I am using the function fminimax to retrieve values for u and v to characterize my controller. I was asked to find find the minmax of the Hamiltonian function which will lead to the derivatives written below and using these derivatives, matlab will supposedly give me values for x, u and v. So far, I have written the following code, but I am always getting the error "not enough input arguments". How can I use fminimax to find the values of x, u and v?
1 Comment
Walter Roberson
on 27 Dec 2019
Your Game.m requires that a variable named T be already defined, so we cannot test your code.
Answers (2)
Walter Roberson
on 27 Dec 2019
x0=[30; 0; 25; 0];
ub=[100; 10000; 100; 100];
lb=[0; 0; 0; 0];
result=fminimax(@myfun,x0,ub,lb);
fminimax has the full calling sequence
X = fminimax(FUN,X0,A,B,Aeq,Beq,LB,UB,NONLCON,OPTIONS)

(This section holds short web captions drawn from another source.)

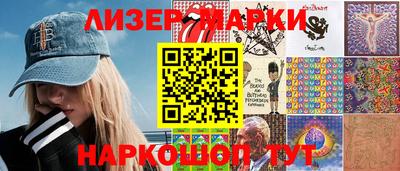 MDMA Premium VHQ Балахна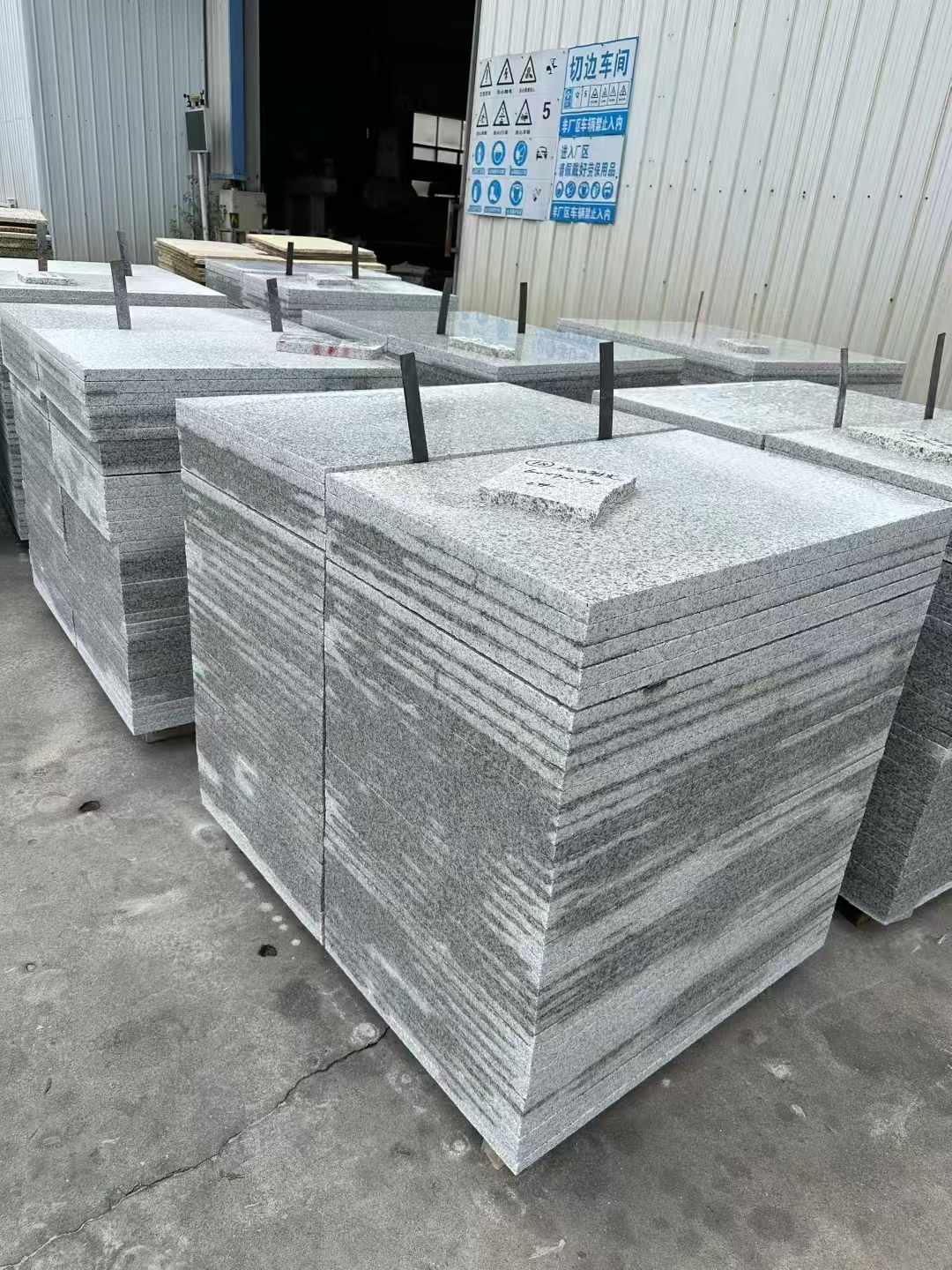 阜阳 白麻光面干挂成品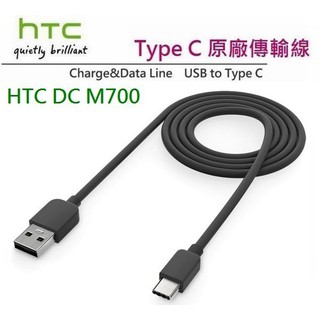 HTC DC M700【原廠傳輸線】Type C，M10 M10 EVO、U Play、U Ultra U12 U11+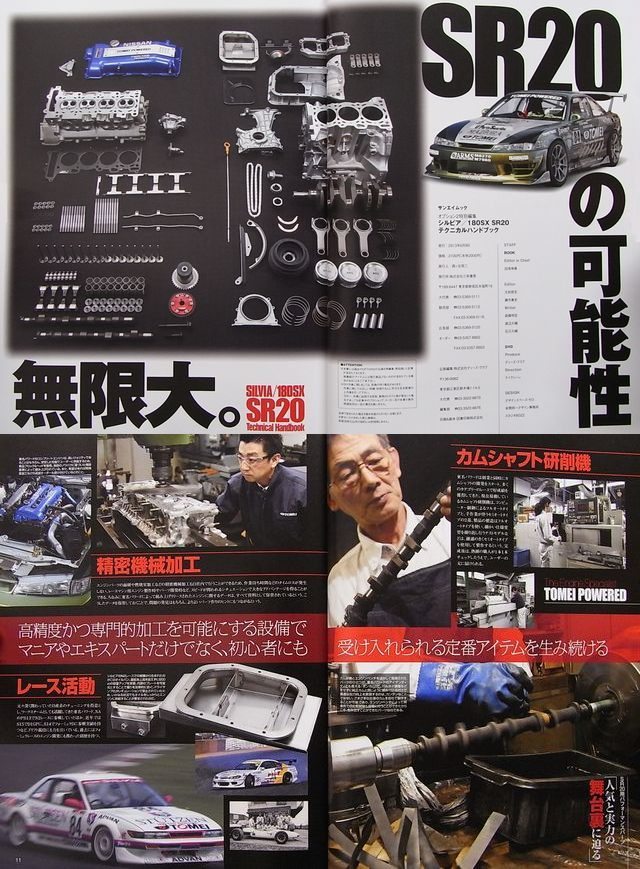 BOOK+DVD] Nissan Silvia 180SX SR20 Technical Handbook & DVD 240SX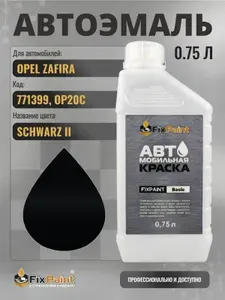 Краска для OPEL ZAFIRA, код 771399, OP20C, SCHWARZ II, автомобильная эмаль базовая под лак FixPaint Basic в канистре, 0,75 л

You can omit starting from the right hand side -- for example it would be valid to call
X = fminimax(FUN,X0,A,B,Aeq,Beq,LB,UB)
However, because parameters are positional in MATLAB, you cannot omit parameters in the middle and still hope to have MATLAB understand you. If you want to pass LB and UB and do not need A, B, Aeq, Beq, then you need to pass [] in the positions of the parameters you do not need:
result=fminimax(@myfun,x0, [], [], [], [], ub,lb);
Meanwhile, you have
function [H] = myfun(T, Q, Tff, lambda)
so myfun needs to be passed 4 parameters, but fminimax will only pass a single parameter (the documentation refers to it as x ) .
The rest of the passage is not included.